Deploying Bruin on Ubuntu VMs

Managed Option Available

Looking for a fully managed solution? Bruin Cloud provides managed orchestration, monitoring, and scheduling without the operational overhead. Try it free!

This guide walks you through deploying Bruin on Ubuntu-based virtual machines (AWS EC2, Google Cloud Compute Engine, DigitalOcean Droplets, or any Ubuntu server) and scheduling pipeline runs using cron jobs.

Prerequisites

Before you begin, ensure you have:

An Ubuntu server (18.04 or later recommended)
SSH access to the server with sudo privileges
Git installed on the server
A Bruin project ready to deploy

Step 1: Connect to Your Server

Connect to your Ubuntu VM via SSH:

bash

ssh username@your-server-ip

Replace username with your actual username and your-server-ip with your server's IP address or hostname.

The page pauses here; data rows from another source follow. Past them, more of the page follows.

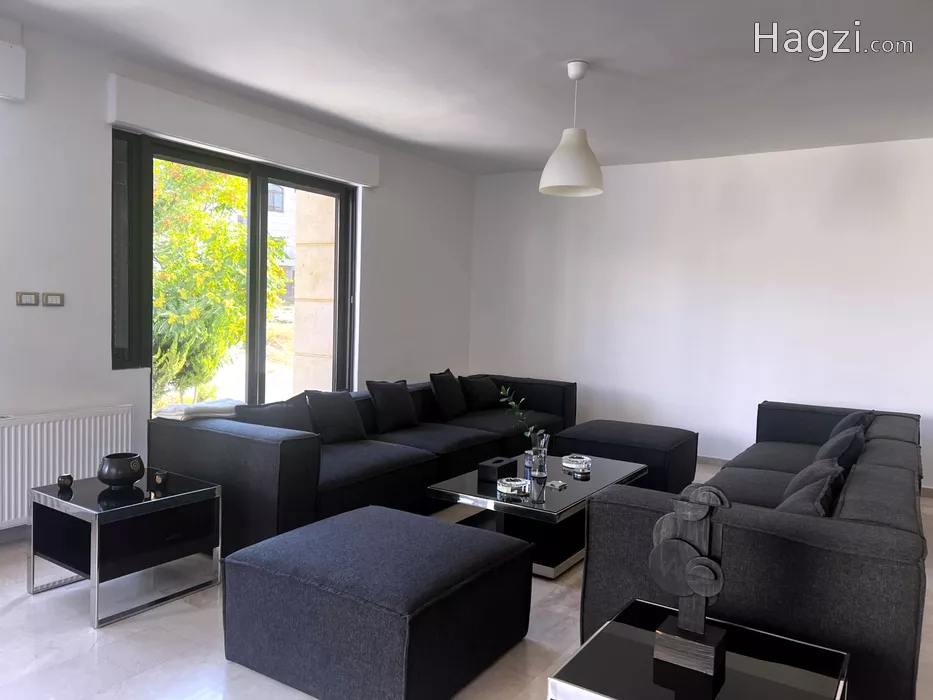 Image slider - 58234 - 17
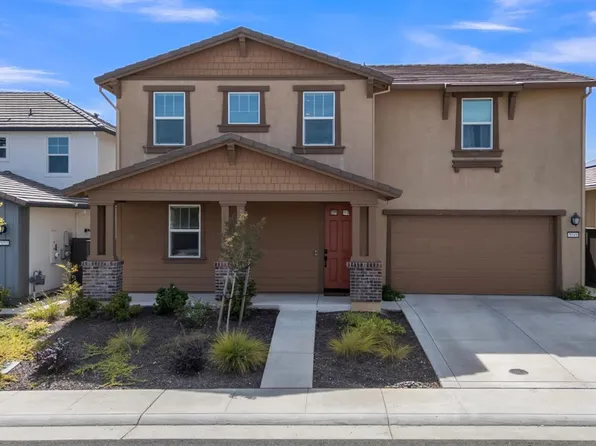5049 Gold Rush Dr, Folsom, CA 95630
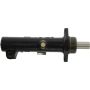 CENTRIC PARTS 130.35201 Centric Premium Brake Master Cylinder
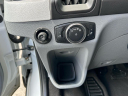Thumbnail image of 2016 Ford Transit at Huff Auto Group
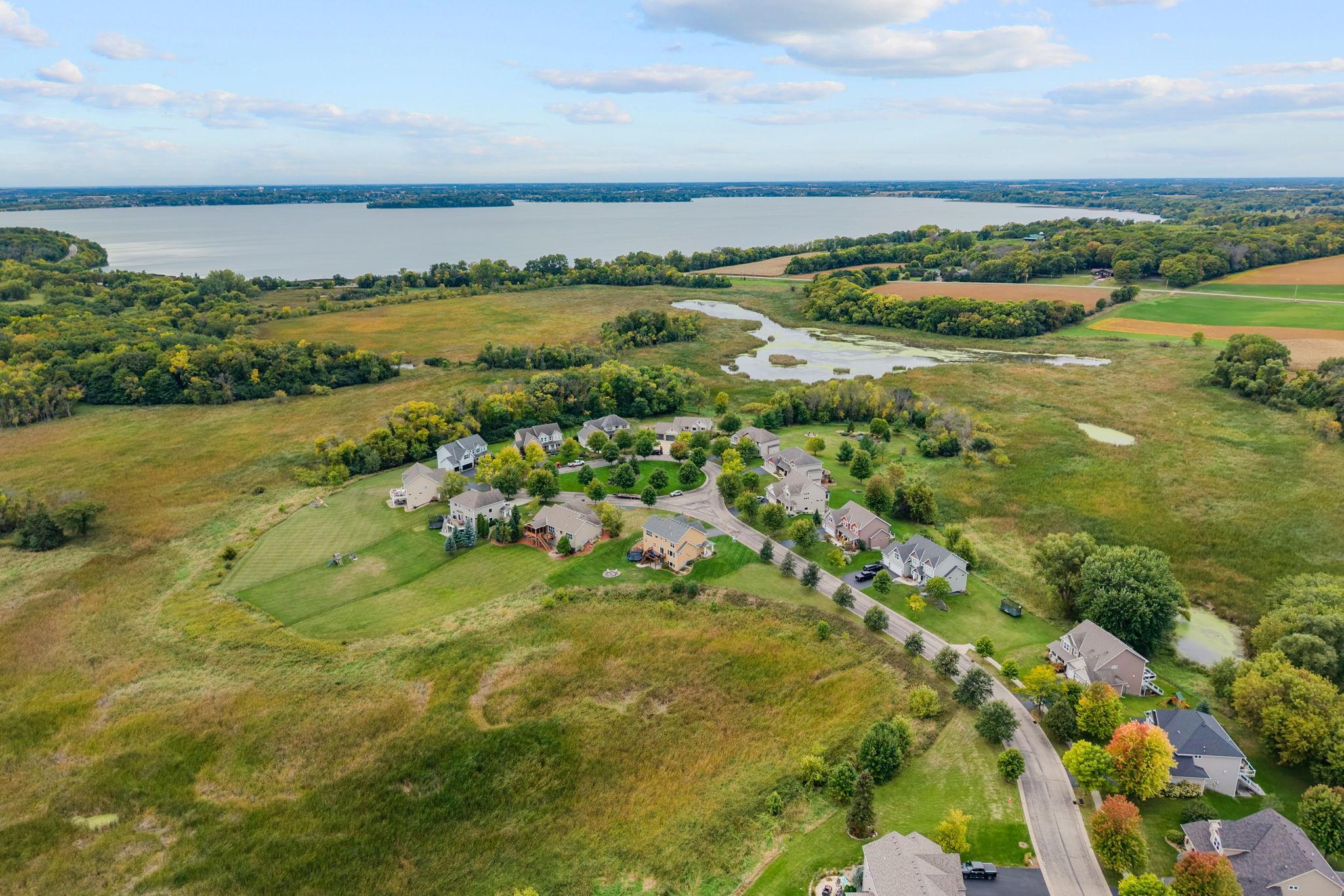View of Residential at 4796 Merganser Drive, Minnetrista MN 55375, Minnetrista (82 of 96) - Mike Wilen | Minnesota Team Real Estate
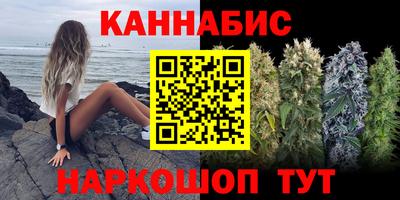 МДПВ Ипатово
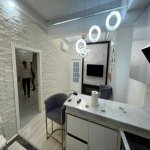 Аренда 3 комнатная Новостройка, м. Гянджлик метро, Медицинский Университет, Насими район 9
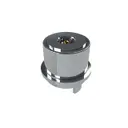 EDAC Inc. 685A02222021A1E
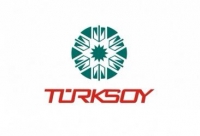 Bu gün TÜRKSOY-un yaradılmasının 28 ili tamam olur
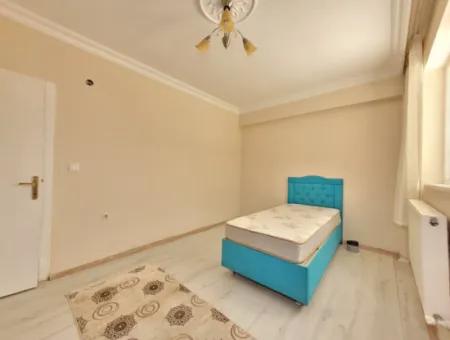 Boş Etimesgut Alsancak Mahallesi  2+1 Ters Dubleks Satılık Daire
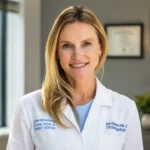 Teri Nelson
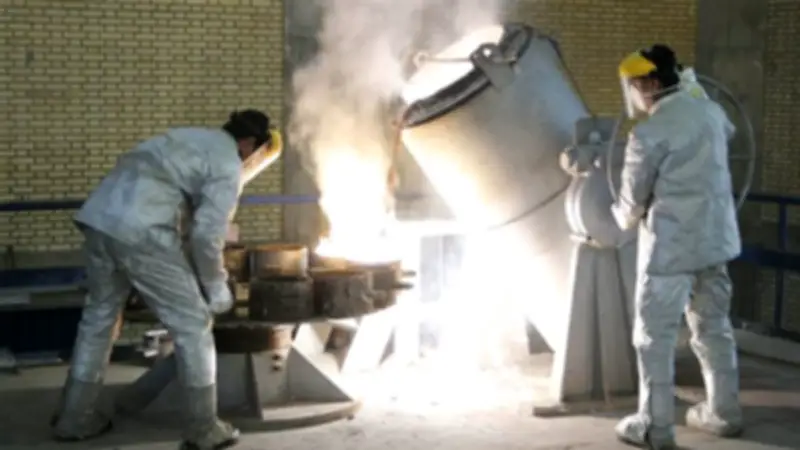 مصر تعلن عن خطة طموحة لزيادة إنتاج الهيدروجين الأخضر وتعزيز التعاون الدولي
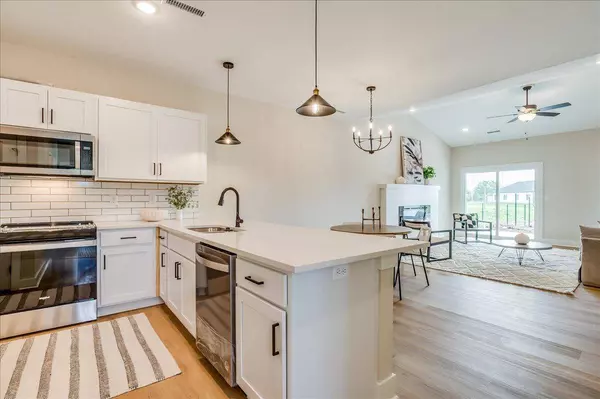 2229 N 159th St N, Wichita, KS 67228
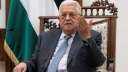 الرئيس عباس: من حق الفلسطينيين...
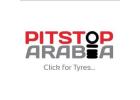 PitStop Arabia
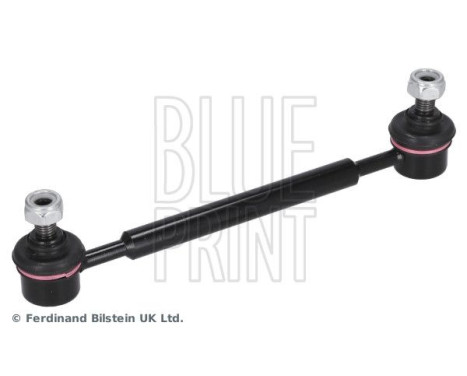 Rod/Strut, stabiliser ADT38542 Blue Print, Image 3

Step 2: Update System Packages

Always start by updating your system packages:

bash

sudo apt update && sudo apt upgrade -y

Step 3: Install Git (if not already installed)

Git is required to clone your Bruin projects:

bash

sudo apt install git -y

Verify the installation:

bash

git --version

Step 4: Install Bruin CLI

Install Bruin using the official installation script:

bash

curl -LsSf https://getbruin.com/install/cli | sh

Alternatively, you can use wget:

bash

wget -qO- https://getbruin.com/install/cli | sh

The installer will automatically add Bruin to your PATH. You may need to restart your shell or run:

bash

source ~/.bashrc  # or ~/.zshrc if using zsh

Verify the installation:

bash

bruin --version

Step 5: Clone Your Bruin Project

Clone your Bruin project repository to your server:

bash

cd ~
git clone https://github.com/your-username/your-bruin-project.git
cd your-bruin-project

Replace the URL with your actual repository URL.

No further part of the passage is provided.